Extracted information.
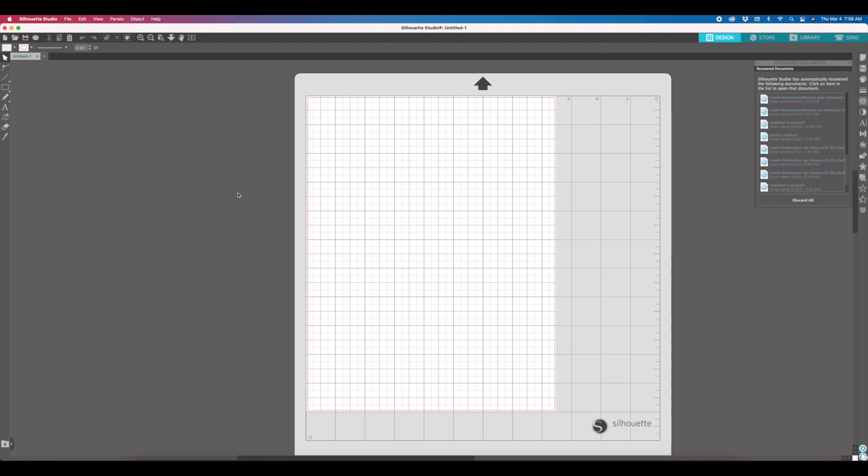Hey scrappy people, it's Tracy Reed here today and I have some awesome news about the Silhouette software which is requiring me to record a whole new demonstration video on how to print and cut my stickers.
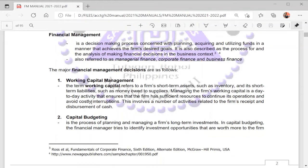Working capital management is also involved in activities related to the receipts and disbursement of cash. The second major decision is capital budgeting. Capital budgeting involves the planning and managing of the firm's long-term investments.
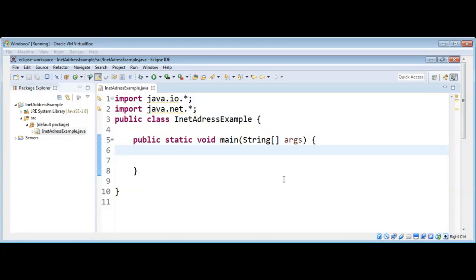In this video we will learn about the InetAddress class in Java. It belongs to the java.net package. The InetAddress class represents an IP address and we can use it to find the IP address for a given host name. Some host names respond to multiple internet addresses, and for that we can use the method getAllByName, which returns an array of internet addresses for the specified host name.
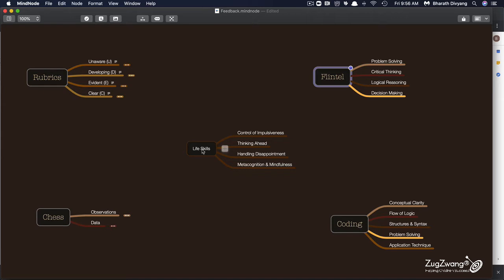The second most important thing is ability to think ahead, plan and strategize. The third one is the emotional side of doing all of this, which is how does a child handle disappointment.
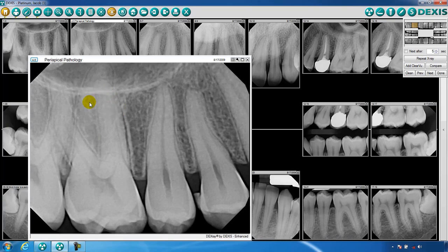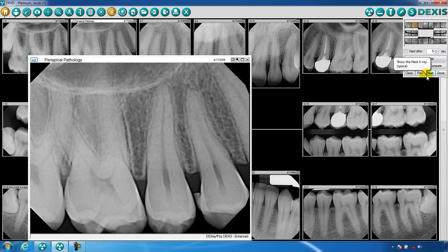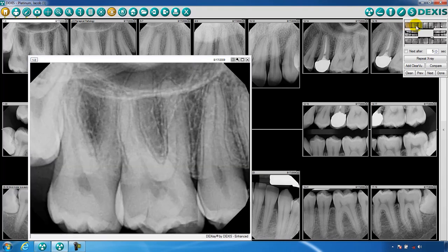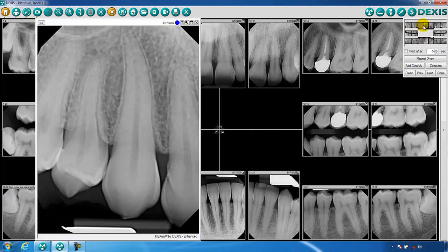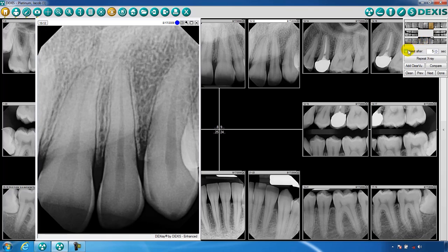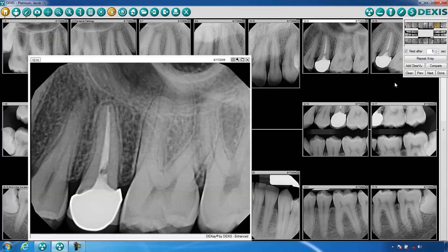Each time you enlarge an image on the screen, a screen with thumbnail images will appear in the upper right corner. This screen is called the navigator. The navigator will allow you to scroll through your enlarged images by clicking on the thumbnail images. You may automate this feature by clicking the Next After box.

* * *

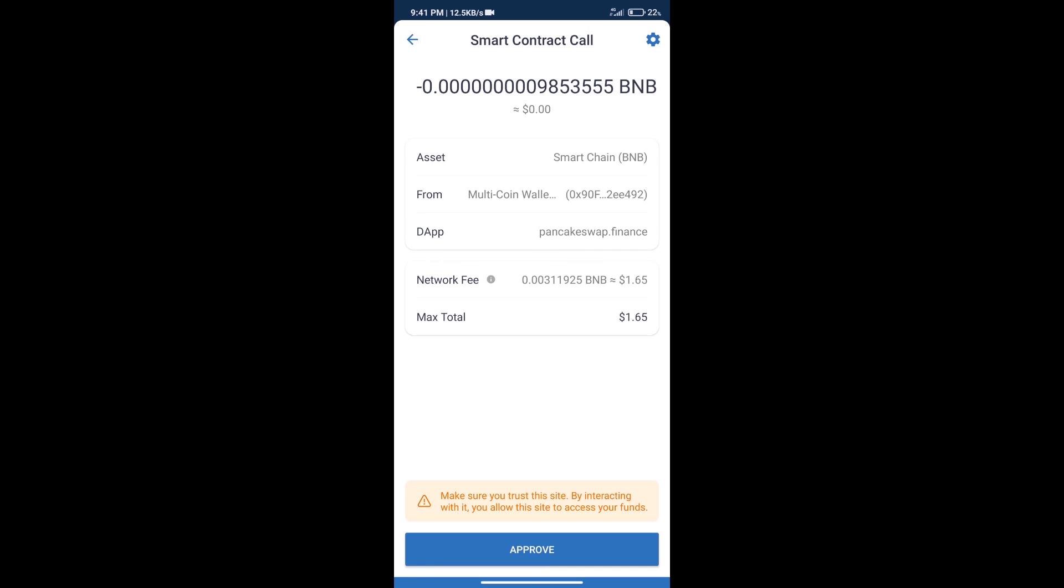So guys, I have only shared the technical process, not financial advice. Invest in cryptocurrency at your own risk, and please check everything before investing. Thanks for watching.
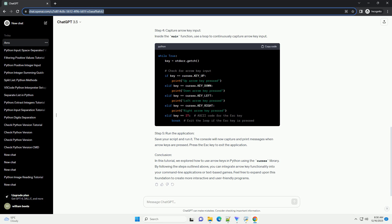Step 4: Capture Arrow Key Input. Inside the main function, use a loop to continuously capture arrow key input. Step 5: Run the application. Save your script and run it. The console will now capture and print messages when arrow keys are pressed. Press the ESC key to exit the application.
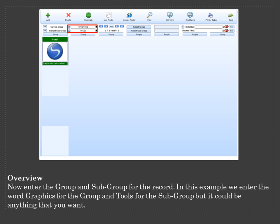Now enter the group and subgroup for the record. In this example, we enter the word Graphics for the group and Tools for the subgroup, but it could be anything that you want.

What you have to do.
Using the listing above, restate exactly the range between the lines holding "In this video" and "Each time you", inclusive, with pictures left out.

Output of the exercise.
In this video we will learn about the InetAddress class in Java. It belongs to the java.net package. The InetAddress class represents an IP address and we can use it to find the IP address for a given host name. Some host names respond to multiple internet addresses, and for that we can use the method getAllByName, which returns an array of internet addresses for the specified host name.
The second most important thing is ability to think ahead, plan and strategize. The third one is the emotional side of doing all of this, which is how does a child handle disappointment.
Each time you enlarge an image on the screen, a screen with thumbnail images will appear in the upper right corner. This screen is called the navigator. The navigator will allow you to scroll through your enlarged images by clicking on the thumbnail images. You may automate this feature by clicking the Next After box.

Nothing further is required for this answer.